But my children in Fort Sill, Oklahoma, that’s where this was, they have a lot of Indians there, couldn’t go to the Catholic school.  I mean I thought I was a wheel and here I’m not even a.  Spoke so my wife went over and talked to the priest, I said you go talk to him first, she said I can’t talk to him because I get out of control.  I said go ahead and get out of control.  And she said my husband he was on the front line and… and he said, well, these are the parish policies, then she challenged with, I’ll let my husband come talk to you.  And I did the same thing with Knights of Columbus.  I couldn’t be a Knights of Columbus in Lafayette, Louisiana,.  I was a.. had to join.. we had to organize a knights of Peter Claver in order to have the same status of Knights of Columbus.  But that didn’t stop me.  I came here to the Northwest and what I did, I joined the Knights of Columbus and then I began to denounce them.  Where is all of the Mexican and the Indians and all the other, you have more Catholics in all those groups than you have here.  Well Chris you see, you are on the degree team.  I said, yeah, kick me off.  So I write the supreme and I tell the supreme you have in this Catholic denominational structure, prejudice, and I went right on and named those suckers name, so I went right through the ranks. I was a grand Knight, and I fired every sucker I knew who was advocating racism and prejudice and they were doing it to.  And I did the same thing, I went on to district deputy and same way.  Right here in Washington.  In Washington we haven’t had one member who is in the chairs for the Knights of Columbus for the State of Washington that were (inaudible).
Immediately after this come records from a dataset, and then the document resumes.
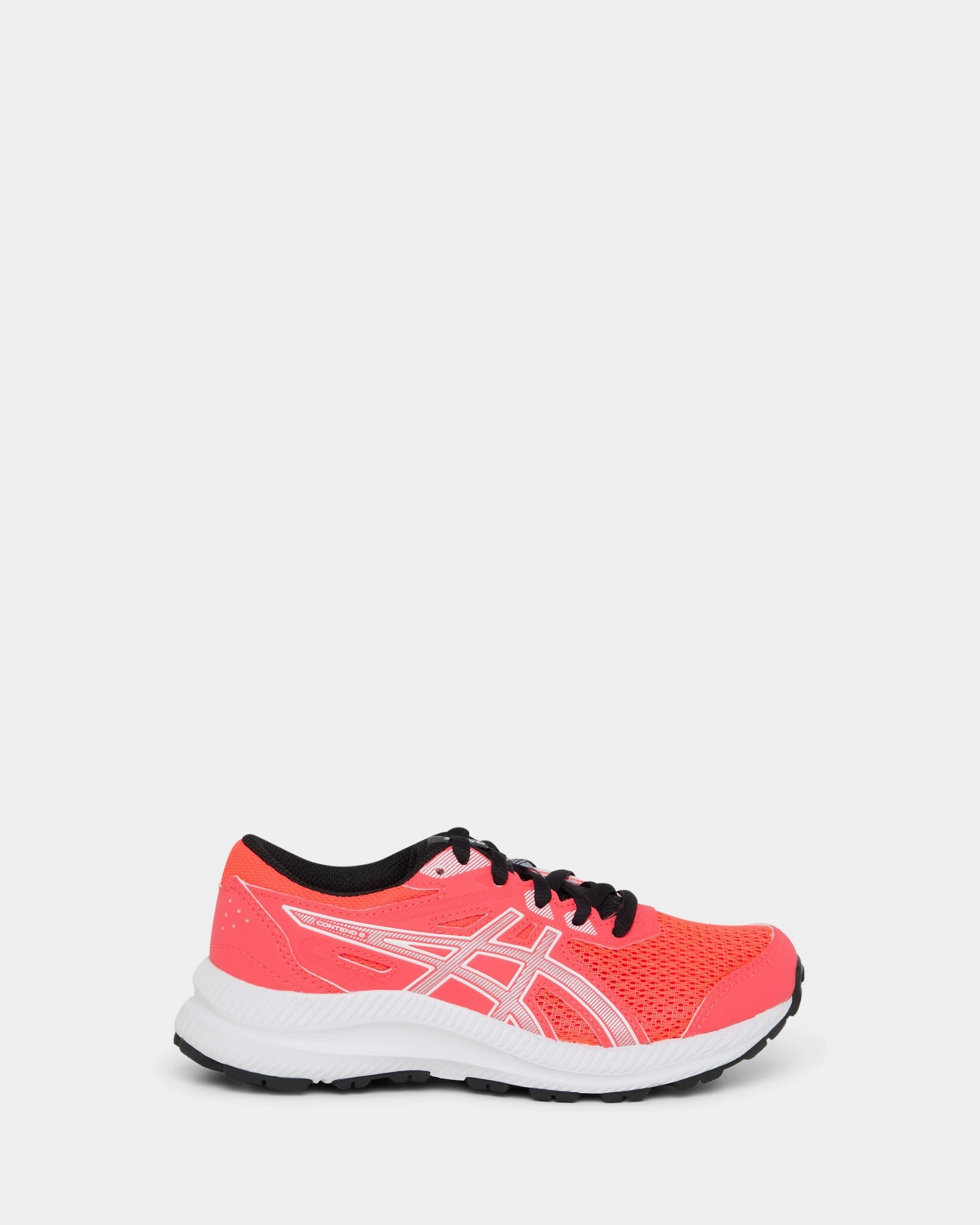 Contend 8 Grade School Diva Pink/Pure Silver Asics Reflective Shoes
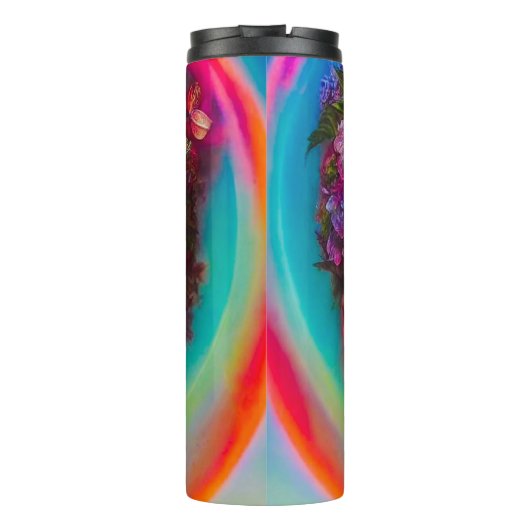 bloemgodin thermosbeker (Achterkant)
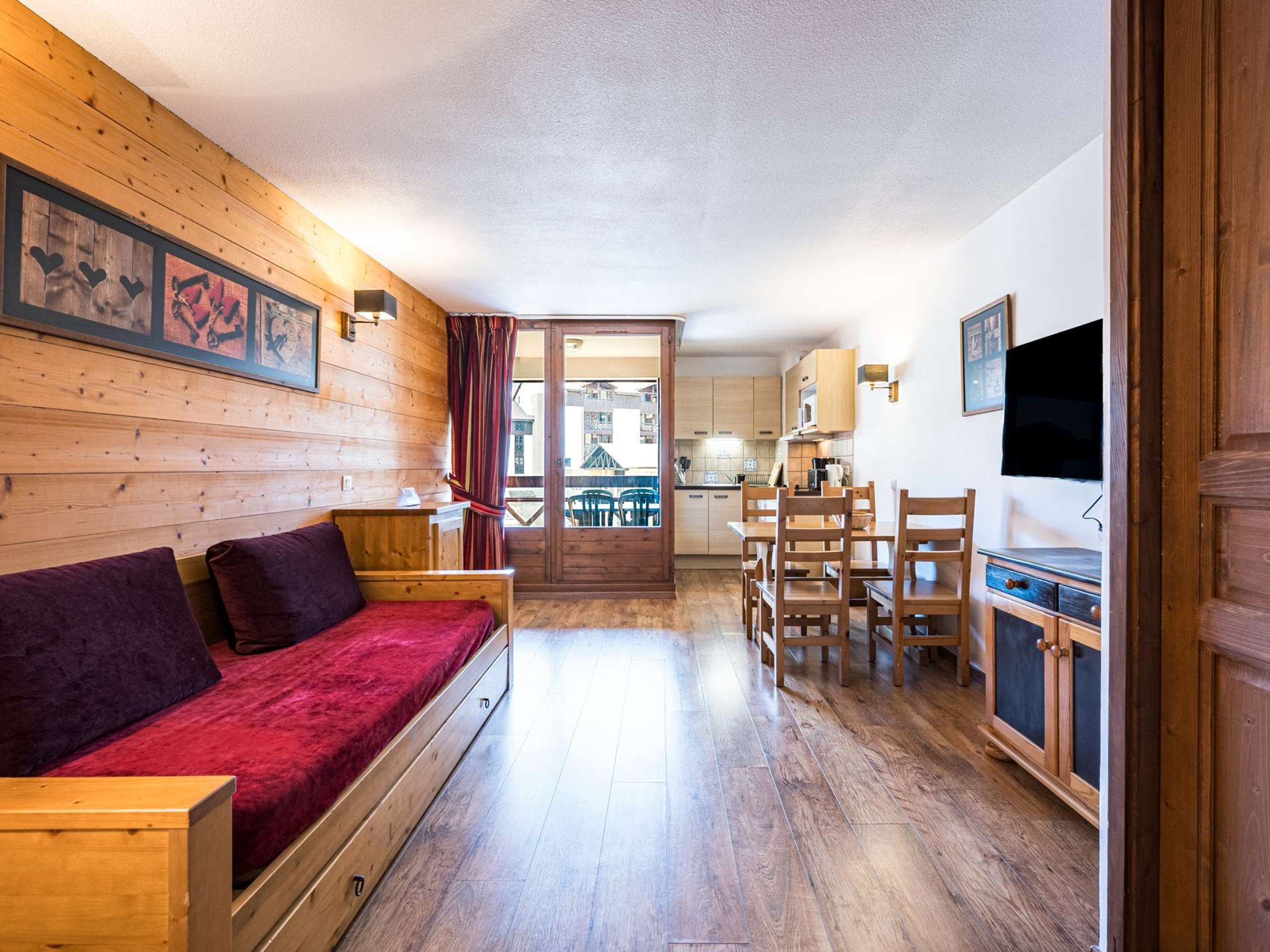 Studio 4 personnes - Résidence CYBELES  - Brides les Bains
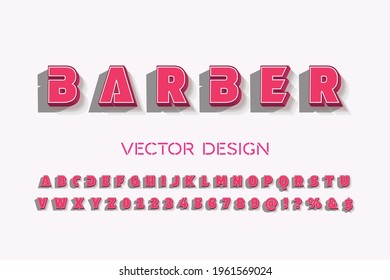 alphabet font, typeface design, pink style background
I ran about seven years ago and God Almighty, I ran and they said I wasn’t a team member but when I got through with them, I wrote the archbishop and everybody else and they gave me all kinds of outfit, then I wrote the supreme and he gave me his name was, he was a German.  Ancestors German, but his parents were directly from Germany.  He wrote me and said ok you are appointed as a delegate to the Washington State.  I went down there and said you played games with me.  Listen I had those German priest in my place, I put a number on them, you know, and they advocate Christianity to the top level.  They gave millions of dollars to the pope and all that stuff.  But like I said, I got to district deputy and I seen I was fighting the outfit but I did get rid of all the fellows that did advocate and unfit.  And this has been the story of my life and the same way with getting my unit into the Fort Lewis, Fort Knox, Fort Reilly to get in there, into the museum.  When this fellow says I’m going to do this artistic thing, and he says if I could get you to help, and I said you got no problem.  I said I’ll take care of Fort Lewis and that is what I did.

 

Question:      You seem to come about things with a very positive.

 

Answer:        Well yes, I don’t hold grudges now.  When I got through with those fellows I wasn’t an enemy.  I’m your friend.  You’re still a Knights of Columbus, you are still Catholic, I know who you are but I’m not going to change you because that is your forte but we know one another.  We all were raised that way but many of us took different approaches, went in hiding.  And then for this thing for the Fort Lewis Museum.  I went to the curator and I says gee whiz you don’t have nobody but whites in this thing here.   I said you have General Crock over here and I’m the one that got the award not him.  So consequently, I pulled some strings with the inspectors that were going to come over here, and I walk in on him and I broke the whole thing up and so he thought he was going to have trouble he went to the general.  And then I wrote a letter to the general and first thing you know he said ok good.  They put him in the outfit.  I said no you are not going to put him anyplace.  Then I wrote the general a letter and told him he had newly installed hall of famers in his outfit now and I would respectfully request he come and see what is in his museum and outfit.  And that fellow that drew these pictures and stuff, his name is King and he was at Fort Reilley and they were giving him the heave ho because he is an artist and he is doing all this stuff and he is a sergeant first class and like a premadonna they didn’t like him.  But they was giving him a hard time.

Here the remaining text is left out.